Broadcom's bid last week represented a 28 percent premium over the closing price of Qualcomm shares on November 2, but analysts were expecting Qualcomm to reject the $70-per-share bid.
The bid "significantly undervalues Qualcomm relative to the company's leadership position in mobile technology and our future growth prospects", Paul Jacobs, chairman and son of Qualcomm co-founder Irwin Jacobs, said in a statement. The preparations for the board meeting indicate that Qualcomm is poised to rebuff the bid as insufficient as early as Monday, although it may decide to spend a few more days this week to prepare its full response to Broadcom, the sources added.
It's not yet clear how Broadcom will respond to Qualcomm's rejection of its first offer.
Broadcom execs believe that, even if Qualcomm's board doesn't like the deal, they can convince enough of the company's shareholders to take the offer and win approval from government regulators.
Shortly after Qualcomm issued its statement on Monday turning down the $70-per-share bid, Broadcomm fired back nearly immediately with an announcement of its own maintaining that its offer was the best the embattled Qualcomm could hope to get.
Broadcom Ltd., also announced, in the company of President Donald Trump, that it would bring its corporate address back from Singapore, to Delaware.

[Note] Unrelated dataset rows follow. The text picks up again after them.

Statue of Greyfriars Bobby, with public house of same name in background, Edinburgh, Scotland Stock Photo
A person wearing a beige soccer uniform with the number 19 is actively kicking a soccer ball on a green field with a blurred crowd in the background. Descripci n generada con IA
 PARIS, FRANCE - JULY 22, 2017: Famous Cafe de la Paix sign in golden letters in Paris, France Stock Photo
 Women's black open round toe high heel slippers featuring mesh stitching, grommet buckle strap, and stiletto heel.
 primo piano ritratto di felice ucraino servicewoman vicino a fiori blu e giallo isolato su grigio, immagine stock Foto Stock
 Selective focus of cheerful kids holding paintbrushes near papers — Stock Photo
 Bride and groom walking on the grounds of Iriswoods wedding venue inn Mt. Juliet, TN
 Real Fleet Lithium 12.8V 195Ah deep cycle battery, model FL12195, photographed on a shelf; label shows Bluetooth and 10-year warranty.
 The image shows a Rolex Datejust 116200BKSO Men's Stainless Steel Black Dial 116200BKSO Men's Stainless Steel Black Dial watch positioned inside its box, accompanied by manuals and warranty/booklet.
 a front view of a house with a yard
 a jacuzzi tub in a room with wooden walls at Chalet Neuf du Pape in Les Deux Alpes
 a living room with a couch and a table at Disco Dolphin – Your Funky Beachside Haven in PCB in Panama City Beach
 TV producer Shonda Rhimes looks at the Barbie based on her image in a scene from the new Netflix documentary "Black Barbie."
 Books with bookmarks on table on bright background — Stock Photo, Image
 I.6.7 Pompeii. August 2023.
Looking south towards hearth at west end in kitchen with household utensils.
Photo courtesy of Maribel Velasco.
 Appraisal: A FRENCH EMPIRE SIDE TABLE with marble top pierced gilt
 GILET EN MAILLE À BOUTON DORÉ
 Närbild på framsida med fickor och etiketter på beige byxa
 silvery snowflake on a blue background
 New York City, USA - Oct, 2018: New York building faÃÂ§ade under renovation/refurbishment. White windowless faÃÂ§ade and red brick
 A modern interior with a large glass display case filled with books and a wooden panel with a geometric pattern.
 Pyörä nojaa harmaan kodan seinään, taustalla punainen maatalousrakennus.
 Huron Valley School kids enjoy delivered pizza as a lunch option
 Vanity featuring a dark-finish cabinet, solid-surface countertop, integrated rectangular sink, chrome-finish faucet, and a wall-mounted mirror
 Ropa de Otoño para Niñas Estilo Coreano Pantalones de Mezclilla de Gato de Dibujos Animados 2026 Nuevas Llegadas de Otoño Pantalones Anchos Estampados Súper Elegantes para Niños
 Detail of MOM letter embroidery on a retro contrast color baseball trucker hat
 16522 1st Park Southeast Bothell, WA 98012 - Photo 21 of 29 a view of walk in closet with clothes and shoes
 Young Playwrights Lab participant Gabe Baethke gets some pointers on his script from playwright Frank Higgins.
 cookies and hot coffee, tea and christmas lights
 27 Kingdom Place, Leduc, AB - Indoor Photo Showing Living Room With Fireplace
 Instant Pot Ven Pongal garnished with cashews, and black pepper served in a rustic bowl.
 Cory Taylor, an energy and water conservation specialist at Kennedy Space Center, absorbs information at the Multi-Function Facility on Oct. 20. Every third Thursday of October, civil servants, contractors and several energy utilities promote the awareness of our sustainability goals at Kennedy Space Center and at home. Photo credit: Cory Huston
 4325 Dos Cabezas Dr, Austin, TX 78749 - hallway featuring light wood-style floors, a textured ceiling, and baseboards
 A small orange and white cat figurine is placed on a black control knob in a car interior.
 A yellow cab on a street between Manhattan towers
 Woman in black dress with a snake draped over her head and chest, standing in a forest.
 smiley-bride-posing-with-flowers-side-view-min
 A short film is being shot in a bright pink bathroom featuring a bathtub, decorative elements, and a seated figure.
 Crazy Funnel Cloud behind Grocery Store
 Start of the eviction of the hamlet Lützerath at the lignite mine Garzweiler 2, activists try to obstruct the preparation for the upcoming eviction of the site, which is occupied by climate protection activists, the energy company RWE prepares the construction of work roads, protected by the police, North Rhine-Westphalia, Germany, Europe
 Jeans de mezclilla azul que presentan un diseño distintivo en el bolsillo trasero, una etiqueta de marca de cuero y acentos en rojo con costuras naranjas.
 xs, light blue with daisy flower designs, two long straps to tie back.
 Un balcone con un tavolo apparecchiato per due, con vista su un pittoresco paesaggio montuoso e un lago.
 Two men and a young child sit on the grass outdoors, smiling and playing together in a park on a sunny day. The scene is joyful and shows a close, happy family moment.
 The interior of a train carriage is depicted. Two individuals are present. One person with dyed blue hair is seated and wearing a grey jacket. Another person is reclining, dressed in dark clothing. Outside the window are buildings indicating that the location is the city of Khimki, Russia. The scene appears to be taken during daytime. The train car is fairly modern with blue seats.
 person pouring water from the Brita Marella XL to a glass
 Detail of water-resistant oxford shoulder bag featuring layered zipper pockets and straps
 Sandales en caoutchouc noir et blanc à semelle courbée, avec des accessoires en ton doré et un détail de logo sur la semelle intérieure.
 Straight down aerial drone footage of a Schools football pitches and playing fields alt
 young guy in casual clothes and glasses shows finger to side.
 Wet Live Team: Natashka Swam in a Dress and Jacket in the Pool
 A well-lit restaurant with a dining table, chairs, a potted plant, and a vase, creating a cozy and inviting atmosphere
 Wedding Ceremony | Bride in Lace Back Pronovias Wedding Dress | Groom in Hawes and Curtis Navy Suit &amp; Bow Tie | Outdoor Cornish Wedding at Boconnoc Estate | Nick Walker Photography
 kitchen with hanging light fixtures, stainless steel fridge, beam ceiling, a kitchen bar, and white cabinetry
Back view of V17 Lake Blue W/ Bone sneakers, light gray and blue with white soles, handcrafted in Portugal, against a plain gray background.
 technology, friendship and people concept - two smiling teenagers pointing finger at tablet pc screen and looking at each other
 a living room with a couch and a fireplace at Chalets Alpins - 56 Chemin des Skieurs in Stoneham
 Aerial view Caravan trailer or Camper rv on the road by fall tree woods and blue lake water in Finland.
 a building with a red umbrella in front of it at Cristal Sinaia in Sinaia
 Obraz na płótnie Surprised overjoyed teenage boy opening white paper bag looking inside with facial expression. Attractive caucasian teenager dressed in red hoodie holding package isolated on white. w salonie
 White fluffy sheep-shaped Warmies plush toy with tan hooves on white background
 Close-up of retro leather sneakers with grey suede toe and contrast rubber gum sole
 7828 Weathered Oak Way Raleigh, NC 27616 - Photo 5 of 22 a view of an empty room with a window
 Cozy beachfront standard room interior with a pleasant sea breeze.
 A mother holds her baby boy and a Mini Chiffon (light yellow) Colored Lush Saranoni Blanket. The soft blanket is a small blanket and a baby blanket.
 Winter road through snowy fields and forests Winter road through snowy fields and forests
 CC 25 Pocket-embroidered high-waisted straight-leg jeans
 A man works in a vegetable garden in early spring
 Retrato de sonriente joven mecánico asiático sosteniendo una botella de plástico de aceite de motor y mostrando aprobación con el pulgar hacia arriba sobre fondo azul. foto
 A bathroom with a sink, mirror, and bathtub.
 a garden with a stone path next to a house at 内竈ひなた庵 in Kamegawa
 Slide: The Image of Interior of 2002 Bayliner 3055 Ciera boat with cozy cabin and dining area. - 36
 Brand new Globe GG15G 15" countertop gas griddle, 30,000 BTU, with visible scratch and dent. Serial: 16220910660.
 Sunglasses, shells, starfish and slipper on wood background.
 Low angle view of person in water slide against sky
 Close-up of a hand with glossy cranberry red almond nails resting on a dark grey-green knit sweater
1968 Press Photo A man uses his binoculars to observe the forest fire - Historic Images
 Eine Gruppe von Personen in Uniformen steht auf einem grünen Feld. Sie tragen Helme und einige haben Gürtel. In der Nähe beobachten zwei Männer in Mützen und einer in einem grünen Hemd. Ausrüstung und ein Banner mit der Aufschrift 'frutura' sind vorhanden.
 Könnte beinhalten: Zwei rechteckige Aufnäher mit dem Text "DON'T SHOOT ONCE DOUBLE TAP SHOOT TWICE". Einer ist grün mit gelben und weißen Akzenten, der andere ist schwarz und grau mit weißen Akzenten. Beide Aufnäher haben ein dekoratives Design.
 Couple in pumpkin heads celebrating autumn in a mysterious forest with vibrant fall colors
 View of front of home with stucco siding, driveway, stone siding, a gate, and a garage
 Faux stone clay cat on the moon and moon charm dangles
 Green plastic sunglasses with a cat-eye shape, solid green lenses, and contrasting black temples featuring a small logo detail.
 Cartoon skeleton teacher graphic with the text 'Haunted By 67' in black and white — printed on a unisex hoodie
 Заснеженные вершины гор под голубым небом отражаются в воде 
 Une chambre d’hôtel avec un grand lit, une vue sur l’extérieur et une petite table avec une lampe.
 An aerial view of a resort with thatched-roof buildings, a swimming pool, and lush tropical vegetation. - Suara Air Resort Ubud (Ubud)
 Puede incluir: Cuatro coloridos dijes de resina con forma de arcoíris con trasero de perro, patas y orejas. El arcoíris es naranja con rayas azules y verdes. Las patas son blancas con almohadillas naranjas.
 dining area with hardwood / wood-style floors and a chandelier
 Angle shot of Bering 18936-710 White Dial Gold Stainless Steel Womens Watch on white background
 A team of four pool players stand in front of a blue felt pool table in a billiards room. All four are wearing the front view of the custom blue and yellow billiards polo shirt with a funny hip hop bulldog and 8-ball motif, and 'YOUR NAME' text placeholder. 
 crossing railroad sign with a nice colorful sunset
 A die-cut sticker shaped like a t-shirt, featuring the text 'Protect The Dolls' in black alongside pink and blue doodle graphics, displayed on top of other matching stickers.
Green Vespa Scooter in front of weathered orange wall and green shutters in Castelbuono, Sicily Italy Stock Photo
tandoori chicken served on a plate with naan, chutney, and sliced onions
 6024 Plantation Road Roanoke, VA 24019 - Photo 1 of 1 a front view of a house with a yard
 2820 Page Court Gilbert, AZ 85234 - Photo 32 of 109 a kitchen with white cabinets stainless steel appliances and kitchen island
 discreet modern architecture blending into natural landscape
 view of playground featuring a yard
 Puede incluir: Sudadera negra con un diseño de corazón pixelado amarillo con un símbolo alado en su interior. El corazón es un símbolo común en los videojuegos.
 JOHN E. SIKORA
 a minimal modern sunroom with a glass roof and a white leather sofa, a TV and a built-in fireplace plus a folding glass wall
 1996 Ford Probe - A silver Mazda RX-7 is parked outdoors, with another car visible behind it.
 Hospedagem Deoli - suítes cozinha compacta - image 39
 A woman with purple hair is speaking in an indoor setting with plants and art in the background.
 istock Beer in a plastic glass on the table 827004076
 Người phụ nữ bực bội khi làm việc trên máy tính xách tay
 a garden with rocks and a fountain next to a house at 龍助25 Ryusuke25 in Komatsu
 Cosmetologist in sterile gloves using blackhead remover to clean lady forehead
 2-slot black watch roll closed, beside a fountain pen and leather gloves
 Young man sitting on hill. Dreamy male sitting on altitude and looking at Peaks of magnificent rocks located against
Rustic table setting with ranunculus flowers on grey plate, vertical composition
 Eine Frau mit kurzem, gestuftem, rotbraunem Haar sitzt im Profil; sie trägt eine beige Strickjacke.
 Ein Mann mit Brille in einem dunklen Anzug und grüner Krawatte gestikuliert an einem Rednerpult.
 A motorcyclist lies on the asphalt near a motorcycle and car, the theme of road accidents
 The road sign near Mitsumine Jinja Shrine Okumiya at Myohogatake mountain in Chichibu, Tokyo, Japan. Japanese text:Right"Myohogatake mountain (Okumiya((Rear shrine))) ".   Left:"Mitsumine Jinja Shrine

We are not sure whether Broadcom can initiate a proxy fight to get the deal approval from Qualcomm's board.
Both semiconductor companies did not immediately respond to requests for comment.
Qualcomm has been facing a series of investigations around the world linked to its dominance in the smartphone chip segment. It is engaged in a patent infringement dispute with Apple Inc (AAPL.O), and is also trying to close its $38 billion acquisition of automotive chipmaker NXP Semiconductors NV (NXPI.O) after signing a deal in October 2016.
This could lead to a higher bid from Broadcom in the future, but there's no word on when Broadcom might make another offer.